Parmi les revendications féministes des cinquante dernières années, le droit de disposer librement de son corps et de sa sexualité est l’une des plus fondamentales. Déjà objet de recherches depuis quelques décennies, cette thématique est maintenant abordée avec des outils théoriques et méthodologiques issus des débats traversant le champ des études féministes. Notons, par exemple, ceux qui ont été proposés pour penser les notions de libre choix et de consentement, la multiplicité des identités de sexe/sexualité/genre et la complexité des représentations artistiques, médiatiques et culturelles de la sexualité.

Le colloque organisé par l’IREF et tenu le 11 mai 2016 a abordé les liens entre les féminismes (pensés au pluriel et impliquant convergences, dissensions et débats), la sexualité et la liberté. Autant l’appel de communications que la liste non exhaustive d’axes de réflexion proposés découlaient de notre souci d’ouverture à toutes les disciplines et à tous les types de réflexions. Par exemple, dans une perspective historique, les trois termes auraient pu nous amener à parler de contraception et de planification des naissances, ou encore des luttes pour le contrôle de leur corps qu’ont menées des groupes de femmes. C’est ce qu’a fait Nouvelles questions féministes qui publiait, à la fin de l’année 2016, un dossier sur la morale sexuelle «traitant des luttes féministes autour des reconfigurations d’une “morale sexuelle contemporaine” qui s’efforce, au-delà des normes religieuses traditionnelles, de définir les comportements convenables, acceptables, légitimes, valorisés, ou au contraire répréhensibles ou stigmatisés»1http://www.antipodes.ch/revues/nqf/nouvelles-questions-f%C3%A9ministes-vol-35,-no1-detail, consulté le 28 mars 2017. Au fil d’arrivée, ce sont surtout des contributions provenant des disciplines des arts, lettres, communication et études culturelles et médiatiques qui ont formé le cœur de la journée de colloque et sont réunies ici.

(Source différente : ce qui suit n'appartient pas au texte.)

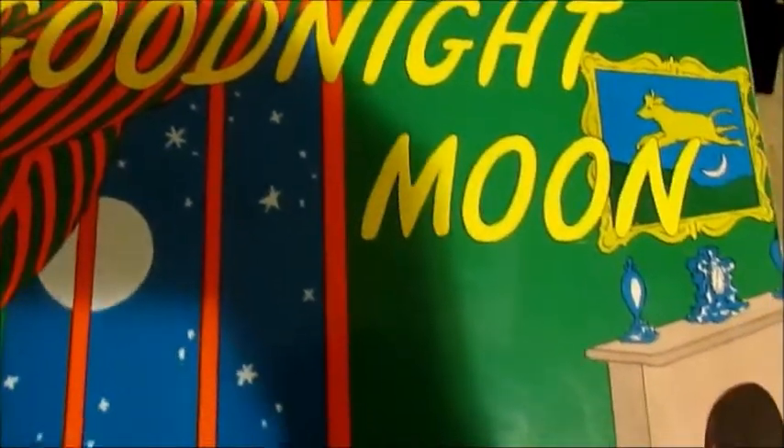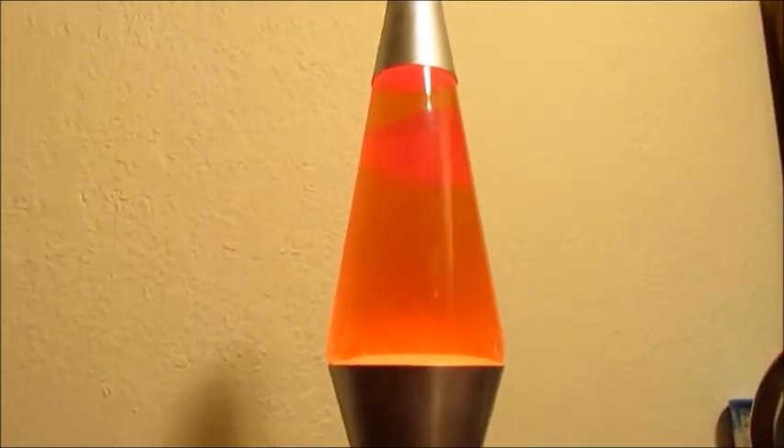Now we get his bed ready — he's actually been sleeping in his bed lately — and we read a book. And it's time for night time. I turn on his Thomas flashlight, and then I plug in his lava lamp with his nightlight. And it's time for bed. Night-night. Night-night.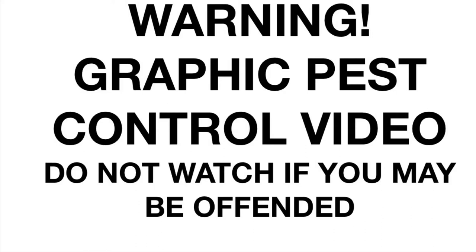Warning: this video contains scenes of animals being dispatched in the UK using legal limit air rifles. Do not watch if you may be offended — go and watch Charlie Bit My Finger instead.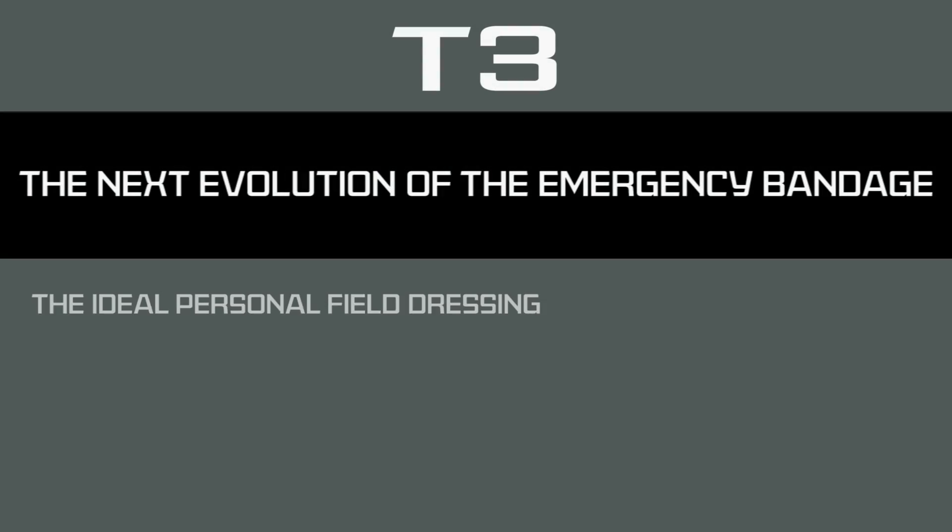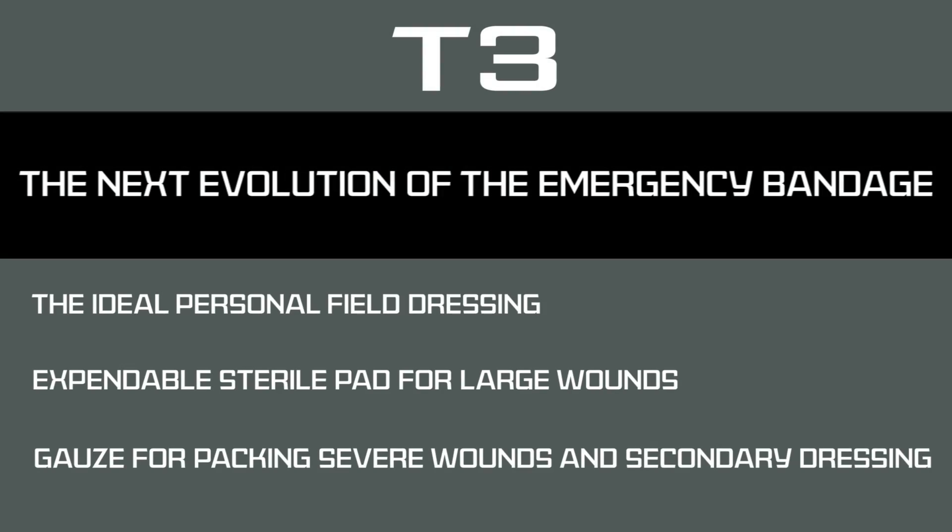T3, the next evolution of the emergency bandage, by Persis Medical.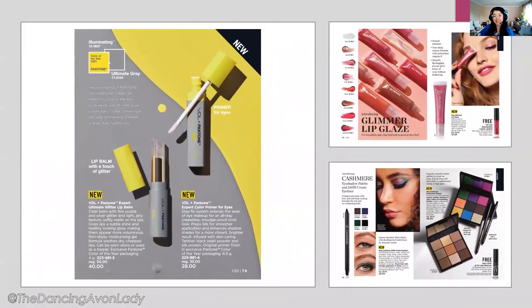More brand new products in this campaign: the new VDL plus Pantone product includes a glittery lip balm — super nostalgic — and a brand new eye primer. Also replacing the Crave lip gloss is the new Glimmer Lip Glaze, which comes in eight different shades, is formulated with vitamin E, and is described as lip-hugging, non-feathering, and non-sticky. Remember the Glimmer Kiss Lips liquid lipstick? You can get that for free with any purchase of two of these, so I ordered two.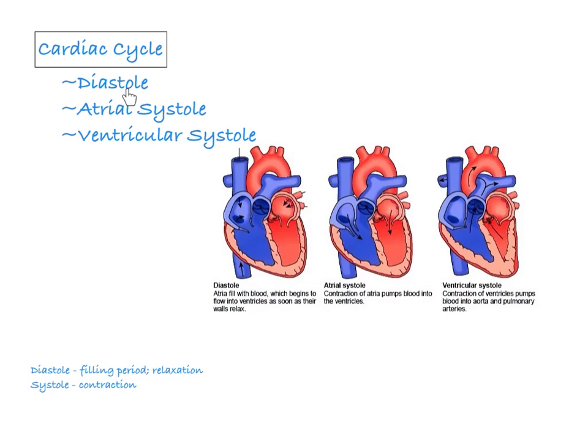The cardiac cycle is going to begin with the diastolic period. This is diastole, and if you look down here, I've defined these for you. Diastole is the filling period — it's a period of relaxation. This period is kind of a pause.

Deux réflexions portant sur des manifestations sociales ouvrent et ferment le recueil. Wendy Delorme, notre invitée d’honneur, a un parcours de créatrice, d’universitaire et de militante où les trois termes du titre de notre colloque se sont sans cesse enchevêtrés. À travers des exemples concrets, elle met en garde contre la fiction lénifiante selon laquelle toutes et tous bénéficient de la prétendue libération sexuelle de notre époque, toute représentation de la sexualité étant en soi émancipatrice. Au contraire, la notion de liberté sexuelle, comme elle le montre, peut servir à discréditer, à exclure ou à dominer certains groupes sociaux, tour à tour les minorités sexuelles et de genre, les femmes racisées, les travailleuses du sexe, etc. Wendy Delorme pose aussi la question épineuse du pouvoir, sans doute tout relatif, qu’ont les représentations de changer le réel. Son texte met bien en valeur la nécessité de prises de paroles féministes multiples, fortes et situées.

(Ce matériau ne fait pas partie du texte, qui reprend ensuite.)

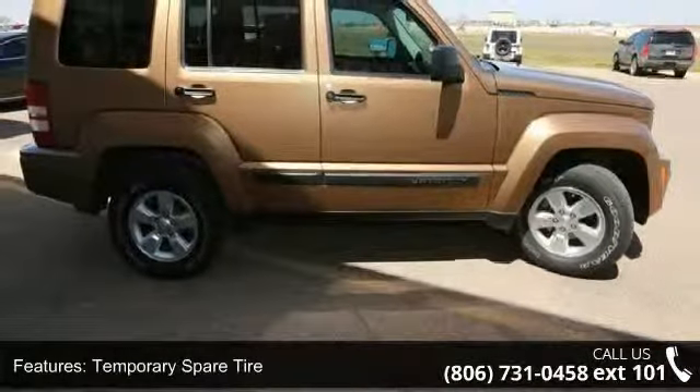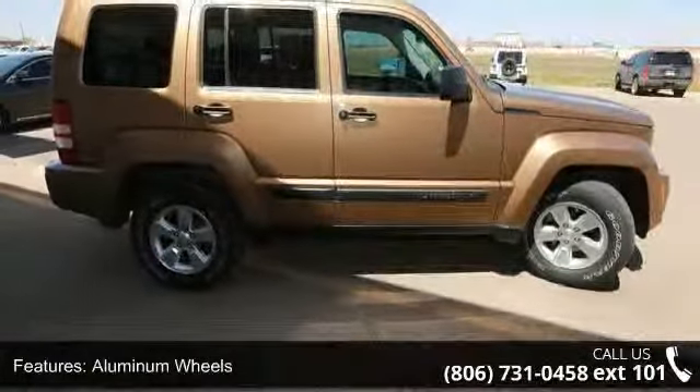This car won't be available much longer. Call now to schedule a test drive at our dealership.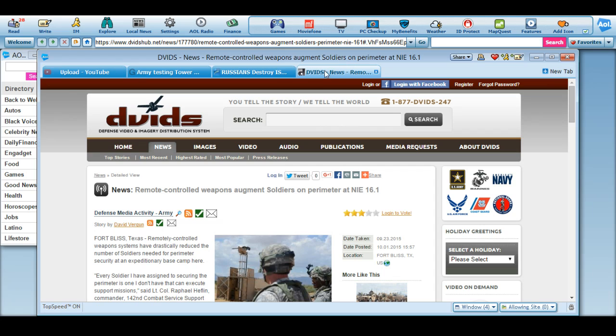I'll post both of these sources for you. This one is coming straight from DVIDS via the United States Army and the branches thereof. As you can see, this is standard — this is a good post.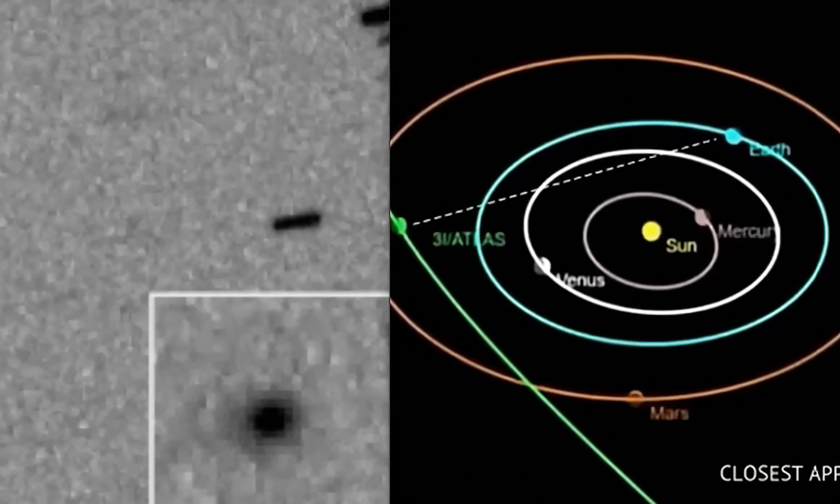You can't make this up — this is crazy. As it gets closer, these images are going to make it more clear what this is. But remember, it's going to be hiding behind the sun after it passes Mars, and it's not going to be visible again until we catch a glimpse of it in the sky when it comes out on the other side of the sun.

L’analyse de discours que propose Élisabeth Mercier dans la foulée de la SlutWalk, manifestation féministe contre les stéréotypes qui banalisent et justifient le viol, illustre parfaitement l’imbrication des rapports de pouvoir et d’oppression dont parle Wendy Delorme. Alors que certaines femmes ont trouvé libérateur le fait de refuser la honte en revalorisant le terme de «slut» et en revêtant des tenues normalement considérées comme provocantes, les critiques de ces manifestations y voient plutôt une reconduction des normes de beauté patriarcales et l’illustration d’un privilège aux effets d’exclusion racistes et classistes. La liberté sexuelle, de parole ou de rassemblement n’est donc pas la même pour toutes.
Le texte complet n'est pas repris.